The sanitation district offered the property owners compensation for the take based on two appraisals, both between $250,000 and $350,000. The owners’ appraiser developed a compensation of more than $3 million. With the disparity in these figures being a factor of 10, a legal battle ensued regarding whether or not the take would change the highest and best use of the property. Was the estate a trophy property that would be damaged by the take and therefore become farmland, or had it always been farmland? Greenfield Advisors was contacted to help resolve this controversy.

We found that prior to the take, the estate was a trophy property. It would be marketed on at least a regional scale (if not nationally), and the likely buyer would be someone with uncompromising taste and value discernment. In this “before” condition, the value would be comparable to other trophy properties with historic relevance, dramatic views, wildlife, reasonable proximity to a metropolitan area, and yet isolation and grandeur.

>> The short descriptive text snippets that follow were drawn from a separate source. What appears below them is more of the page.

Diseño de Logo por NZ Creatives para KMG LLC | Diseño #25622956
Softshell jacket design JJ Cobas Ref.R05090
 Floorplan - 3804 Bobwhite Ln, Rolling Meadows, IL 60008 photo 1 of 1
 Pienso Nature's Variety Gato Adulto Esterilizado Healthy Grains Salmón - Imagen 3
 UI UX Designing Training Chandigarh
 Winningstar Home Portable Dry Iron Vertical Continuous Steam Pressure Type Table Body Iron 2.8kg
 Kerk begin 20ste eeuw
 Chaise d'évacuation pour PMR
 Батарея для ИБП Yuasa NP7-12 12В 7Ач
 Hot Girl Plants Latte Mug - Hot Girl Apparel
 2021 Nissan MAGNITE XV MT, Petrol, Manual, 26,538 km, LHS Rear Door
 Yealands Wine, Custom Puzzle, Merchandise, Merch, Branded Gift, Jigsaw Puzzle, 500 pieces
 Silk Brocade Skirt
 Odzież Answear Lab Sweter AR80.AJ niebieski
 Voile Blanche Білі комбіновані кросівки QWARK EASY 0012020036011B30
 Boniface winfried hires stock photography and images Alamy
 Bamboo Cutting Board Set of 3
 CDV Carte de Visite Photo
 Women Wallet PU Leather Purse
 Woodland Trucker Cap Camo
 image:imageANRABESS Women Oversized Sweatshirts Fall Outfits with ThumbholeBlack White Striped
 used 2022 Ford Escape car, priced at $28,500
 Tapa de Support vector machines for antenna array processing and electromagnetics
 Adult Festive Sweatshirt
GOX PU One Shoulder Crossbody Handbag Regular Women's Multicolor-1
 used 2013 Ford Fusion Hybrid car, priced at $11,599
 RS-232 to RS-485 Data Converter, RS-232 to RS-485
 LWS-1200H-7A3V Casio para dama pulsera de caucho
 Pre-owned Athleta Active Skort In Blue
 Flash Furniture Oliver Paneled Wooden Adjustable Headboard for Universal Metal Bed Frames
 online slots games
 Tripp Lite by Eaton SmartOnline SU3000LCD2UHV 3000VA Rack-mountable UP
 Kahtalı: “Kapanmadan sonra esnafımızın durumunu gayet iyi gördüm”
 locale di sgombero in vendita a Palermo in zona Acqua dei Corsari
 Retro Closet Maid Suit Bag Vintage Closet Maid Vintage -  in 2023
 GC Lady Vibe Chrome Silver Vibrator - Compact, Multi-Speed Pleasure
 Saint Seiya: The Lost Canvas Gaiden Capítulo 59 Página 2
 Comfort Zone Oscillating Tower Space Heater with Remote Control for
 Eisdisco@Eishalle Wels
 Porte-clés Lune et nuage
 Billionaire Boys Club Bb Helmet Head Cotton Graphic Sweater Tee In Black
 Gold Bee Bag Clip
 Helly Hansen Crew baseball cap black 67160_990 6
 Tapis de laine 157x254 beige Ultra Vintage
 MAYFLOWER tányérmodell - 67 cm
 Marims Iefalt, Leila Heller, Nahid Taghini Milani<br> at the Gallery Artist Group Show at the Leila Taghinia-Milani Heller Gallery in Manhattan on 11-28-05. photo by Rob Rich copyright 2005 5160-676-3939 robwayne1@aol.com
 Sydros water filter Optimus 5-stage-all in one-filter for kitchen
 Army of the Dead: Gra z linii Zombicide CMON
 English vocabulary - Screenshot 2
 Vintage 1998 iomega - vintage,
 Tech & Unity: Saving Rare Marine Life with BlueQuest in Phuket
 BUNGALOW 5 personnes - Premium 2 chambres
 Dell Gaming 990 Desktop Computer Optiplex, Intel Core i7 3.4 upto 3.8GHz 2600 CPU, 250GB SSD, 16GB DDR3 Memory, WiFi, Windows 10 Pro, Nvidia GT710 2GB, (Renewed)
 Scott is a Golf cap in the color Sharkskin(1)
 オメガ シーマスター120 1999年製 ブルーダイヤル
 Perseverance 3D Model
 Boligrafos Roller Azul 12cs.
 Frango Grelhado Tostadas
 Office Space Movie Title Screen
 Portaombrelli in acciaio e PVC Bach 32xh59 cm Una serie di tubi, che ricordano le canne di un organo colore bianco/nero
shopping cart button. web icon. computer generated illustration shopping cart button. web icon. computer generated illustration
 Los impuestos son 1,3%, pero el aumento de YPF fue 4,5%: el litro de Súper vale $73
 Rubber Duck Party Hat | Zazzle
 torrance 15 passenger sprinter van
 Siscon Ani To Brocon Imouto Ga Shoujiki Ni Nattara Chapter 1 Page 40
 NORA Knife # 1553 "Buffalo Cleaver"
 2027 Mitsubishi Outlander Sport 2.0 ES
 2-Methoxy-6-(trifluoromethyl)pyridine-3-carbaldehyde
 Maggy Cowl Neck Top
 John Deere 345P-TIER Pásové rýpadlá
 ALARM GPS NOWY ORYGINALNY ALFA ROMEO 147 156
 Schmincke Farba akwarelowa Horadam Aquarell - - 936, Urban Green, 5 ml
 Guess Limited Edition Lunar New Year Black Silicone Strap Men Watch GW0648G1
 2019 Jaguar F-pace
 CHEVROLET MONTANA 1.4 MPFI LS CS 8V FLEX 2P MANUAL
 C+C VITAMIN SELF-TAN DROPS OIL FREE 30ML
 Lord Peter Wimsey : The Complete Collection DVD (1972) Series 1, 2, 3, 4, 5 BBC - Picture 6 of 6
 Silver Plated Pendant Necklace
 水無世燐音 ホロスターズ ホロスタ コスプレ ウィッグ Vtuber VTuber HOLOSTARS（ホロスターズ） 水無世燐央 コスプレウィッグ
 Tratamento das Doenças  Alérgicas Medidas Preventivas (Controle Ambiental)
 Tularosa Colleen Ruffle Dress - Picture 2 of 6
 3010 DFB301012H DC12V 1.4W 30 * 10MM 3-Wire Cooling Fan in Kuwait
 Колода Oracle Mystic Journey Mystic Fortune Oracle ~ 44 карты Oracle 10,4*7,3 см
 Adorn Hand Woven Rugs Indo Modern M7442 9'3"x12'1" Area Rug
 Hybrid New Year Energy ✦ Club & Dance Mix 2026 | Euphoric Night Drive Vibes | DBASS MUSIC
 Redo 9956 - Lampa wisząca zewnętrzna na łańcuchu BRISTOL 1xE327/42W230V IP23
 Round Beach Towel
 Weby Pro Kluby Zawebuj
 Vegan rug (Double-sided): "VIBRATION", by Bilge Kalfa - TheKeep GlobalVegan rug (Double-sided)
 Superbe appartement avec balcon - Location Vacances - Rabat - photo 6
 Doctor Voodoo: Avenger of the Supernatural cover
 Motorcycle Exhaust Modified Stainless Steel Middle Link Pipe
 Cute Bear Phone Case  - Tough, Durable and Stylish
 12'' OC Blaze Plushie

In the “after” condition with the apparently unproven technology of a 700-foot-long sewer line with a portion sitting on a multi-story trestle with attendant industrial access and uncharaterizable risks, the property is simply unmarketable to estate buyers. At best, the property can be valued as farmland, but it is questionable whether the property can be farmed profitably, given its size and topography.

The parties settled, with the sanitation district agreeing to pay $1.75 million for the condemned portion of the estate.